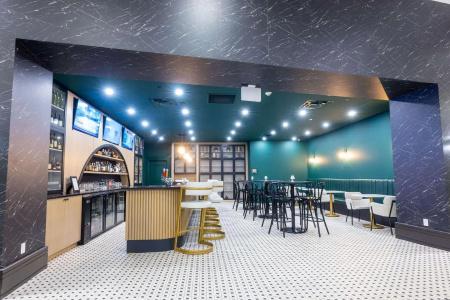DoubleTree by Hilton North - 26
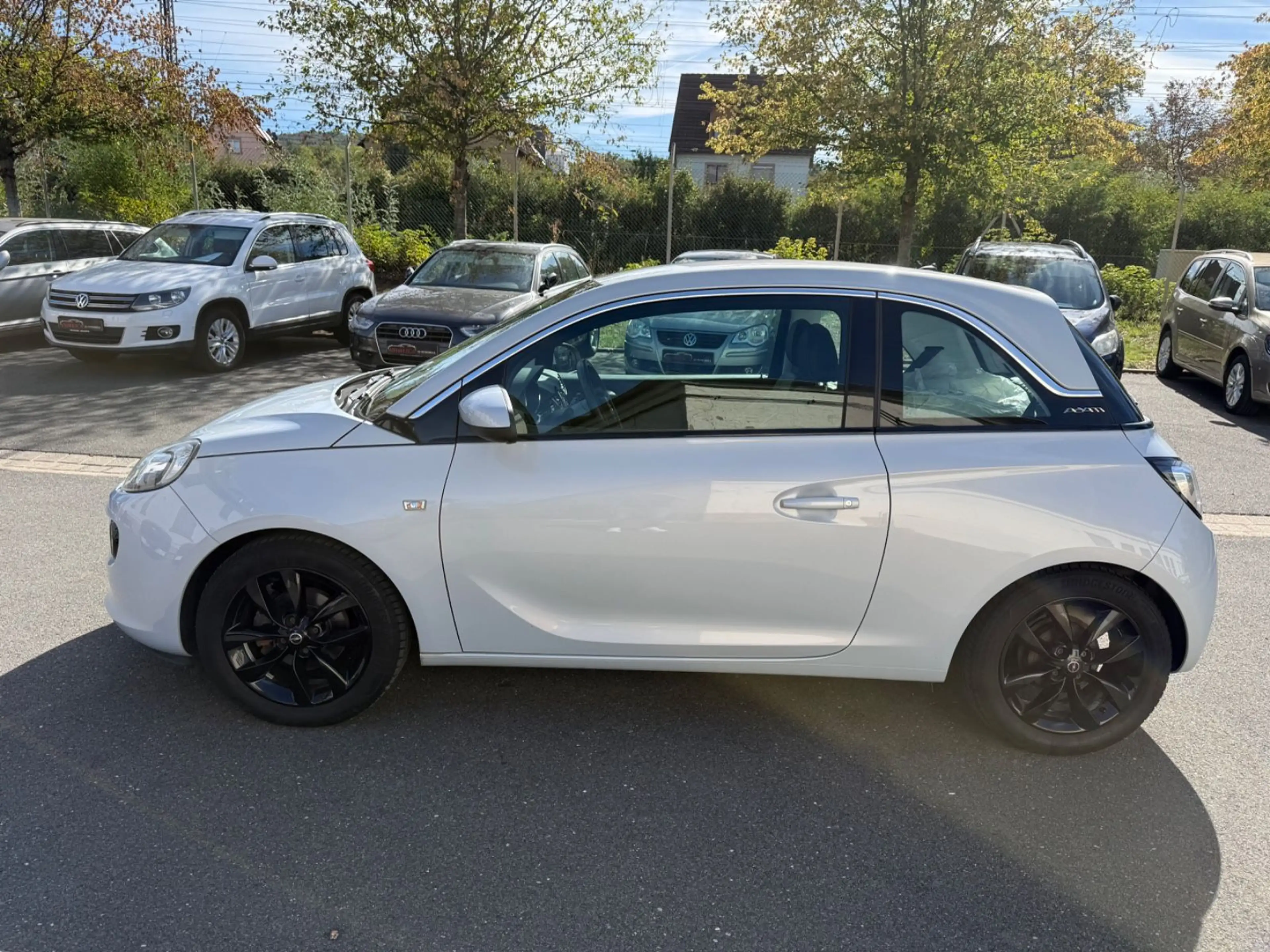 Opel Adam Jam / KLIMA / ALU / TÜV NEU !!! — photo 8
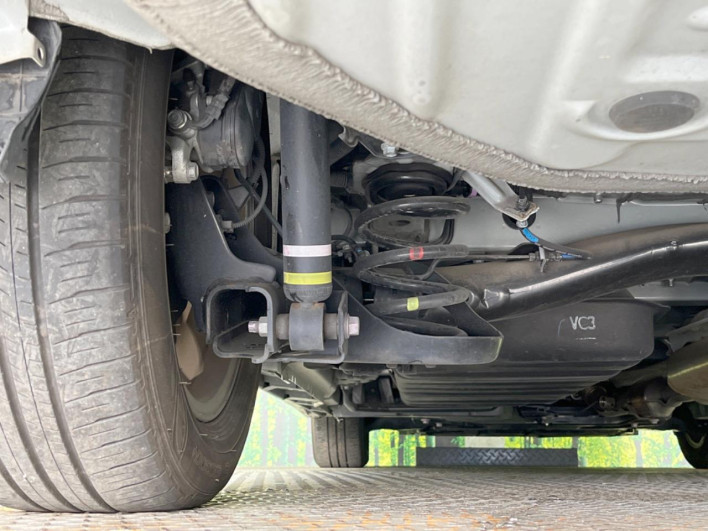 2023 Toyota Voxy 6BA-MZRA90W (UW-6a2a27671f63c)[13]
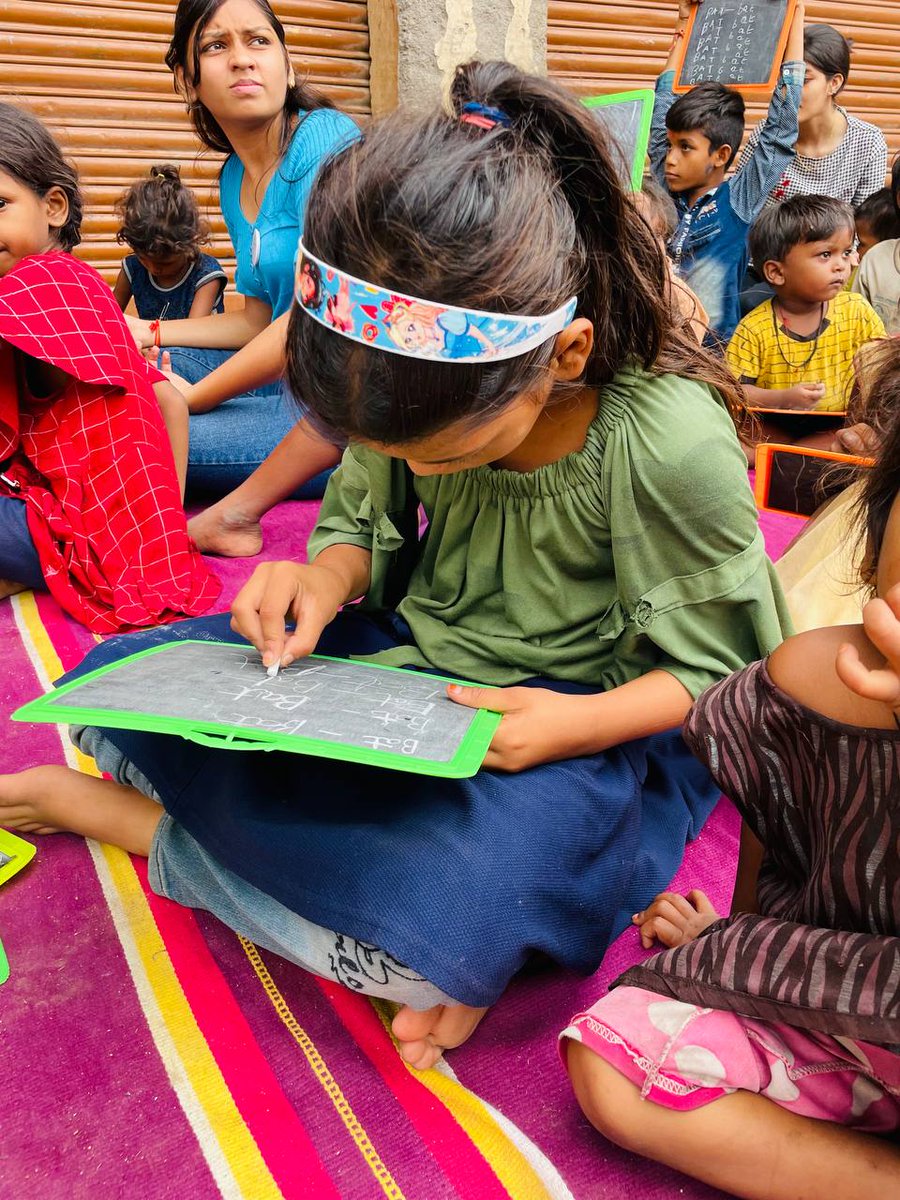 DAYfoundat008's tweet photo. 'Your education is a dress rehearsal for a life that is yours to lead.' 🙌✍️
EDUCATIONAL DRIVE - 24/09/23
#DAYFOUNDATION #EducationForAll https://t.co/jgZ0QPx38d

---

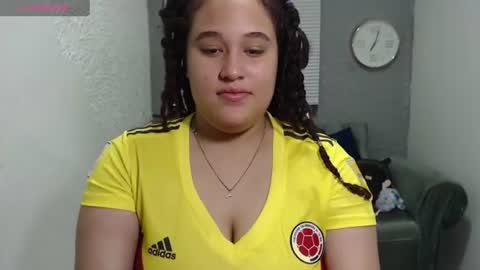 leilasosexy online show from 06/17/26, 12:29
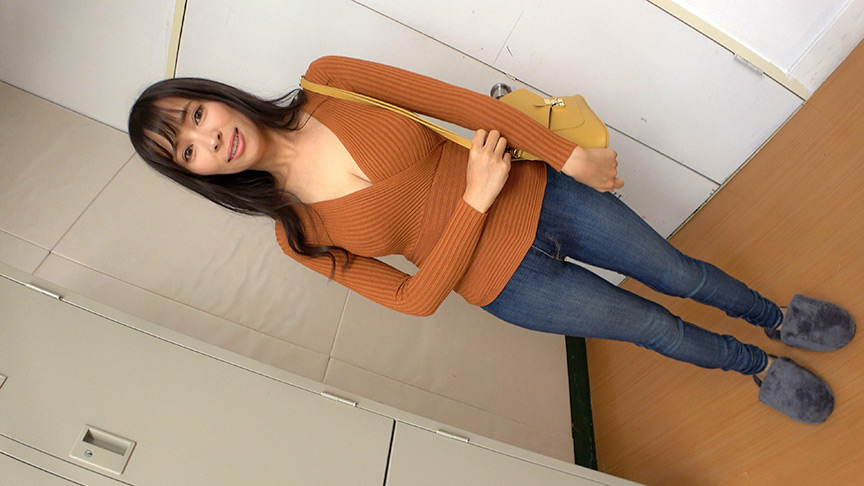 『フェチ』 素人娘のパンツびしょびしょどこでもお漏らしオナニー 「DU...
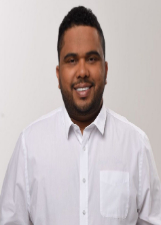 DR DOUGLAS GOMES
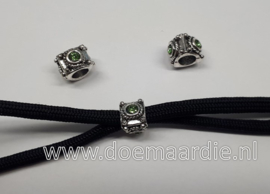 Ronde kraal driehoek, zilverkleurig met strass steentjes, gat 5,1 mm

§ ASSIGNMENT
Print only what lies in the material above starting at the line with "EDUCATIONAL DRIVE - 24/09/23" and ending at the line with "#DAYFOUNDATION #EducationForAll https://t.co/jgZ0QPx38d", every line exactly as given.

§ EXERCISE RESULT
EDUCATIONAL DRIVE - 24/09/23
#DAYFOUNDATION #EducationForAll https://t.co/jgZ0QPx38d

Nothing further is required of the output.